SURVIVAL OBLIGATIONS. The rights and obligations set forth above shall survive the expiration or termination of this Agreement.
NO IMPLIED WAIVERS. The failure of either party at any time to require performance by the other party of any provisions hereof shall in no way affect the full right of such party to require such performance at any time thereafter. The waiver by either party hereto of a breach or alleged breach of any provision hereof shall not constitute a waiver of any succeeding breach of the same or any other provision, nor shall such waiver constitute a waiver of the provision itself.
AMAZON AND MARKETPLACE SALES. Customer will not under any circumstances resell Seller’s Products to or on Amazon.com, via Amazon Vendor Central, Amazon Vendor Express, Fulfillment by Amazon (FBA), Fulfillment by Merchant (FBM), Seller Fulfilled Prime (SFP), FBA Onsite, or in any other manner that currently exists or may hereafter be developed on the Amazon sales platform (collectively “Amazon.com”), or on Walmart.com, Jet.com, Rakuten.com, Buy.com, Ebay, Alibaba, or any other third-party marketplace (collectively “Third Party Marketplaces”).
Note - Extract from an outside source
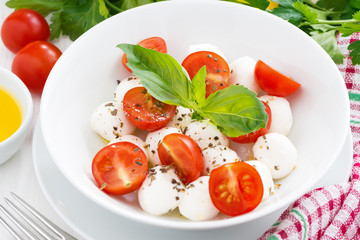 traditional salad with mozzarella and cherry tomatoes, top view, close-up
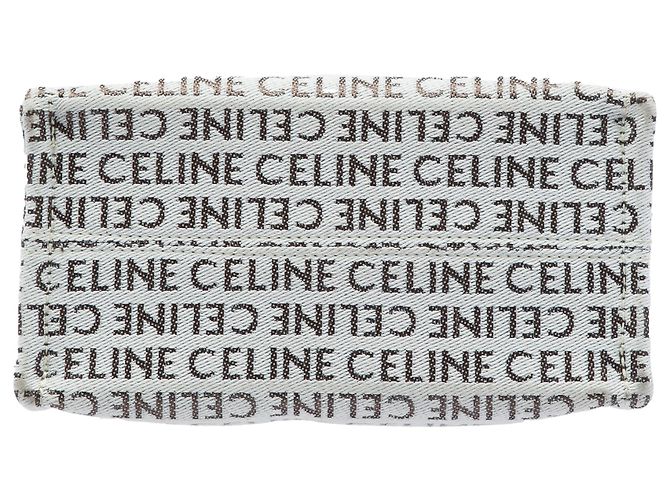 Céline Celine Thais Canvas Tote mit durchgehendem Logo-Print in Weiß Small Cuir Triomphe - Ansicht 3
Seller reserves the right to immediately cease all sales to Customer for any Customer violation of the terms of this Agreement.
NOTICES. All notices required or sought to be given under this Agreement shall be in writing and shall be deemed to have been made on the day when delivered personally or on the third business day after being sent to IKONIK or Customer.
ARBITRATION. The parties agree to submit all disputes between them relating to this Agreement or the breach, alleged breach, or interpretation thereof to binding arbitration, except that this provision shall not apply to requests for injunctive relief, within thirty (30) days after either party notifies the other in writing that it is submitting a dispute to arbitration, one (1) arbitrator shall be chosen under the then-current Rules of the American Arbitration Association ("AAA") for commercial disputes. Neither party may object to any arbitrator appointed by AAA. The arbitration will be held in Salt Lake City, Utah, and shall be conducted according to the Rules of the AAA. The arbitration award must be by a written decision containing findings of fact and conclusions of law and shall be final and binding. It may be entered in and enforced by any court of competent jurisdiction. The party prevailing in the arbitration or other legal proceedings shall be entitled to recover its costs including reasonable attorney's fees incurred due to the arbitration or other legal proceedings.
GOVERNING LAW. This Agreement shall be governed by and construed in accordance with the laws of the State of Utah without regard to its choice of laws and rules.
NON-ASSIGNABILITY. Neither this Agreement nor any rights and obligations of this Agreement may be assigned without the prior written consent of the other party, which consent will not be unreasonably withheld. Assignments due to a corporate reorganization by IKONIK shall not be deemed to be assignments hereunder.
RELATIONSHIP OF THE PARTIES. This is a supply agreement. Nothing in this Agreement nor during performance under this Agreement shall be construed to create a relationship of principal and agent, joint venture, partnership, association, or employment between the parties. Neither party shall represent to any third party that it is the agent or employee of the other.
SEVERABILITY. If any provisions of this Agreement are declared to be invalid, such provisions shall be severed from this Agreement and the other provisions shall remain in full force and effect. The parties shall replace the invalid provision with another valid provision that comes as close as possible to the parties' original intent regarding the invalid provision.
MODIFICATION. This Agreement contains the entire understanding between the parties with respect to the subject matter of this Agreement and supersedes all oral agreements and negotiations between the parties. Any alterations, variations, modifications, or waivers of the provisions of this Agreement shall be valid only when they have been reduced to writing and duly signed by the parties. The terms of this Section shall not be deemed to have been waived by oral agreement, course of performance, or by any other means other than a written agreement expressly providing for such waiver.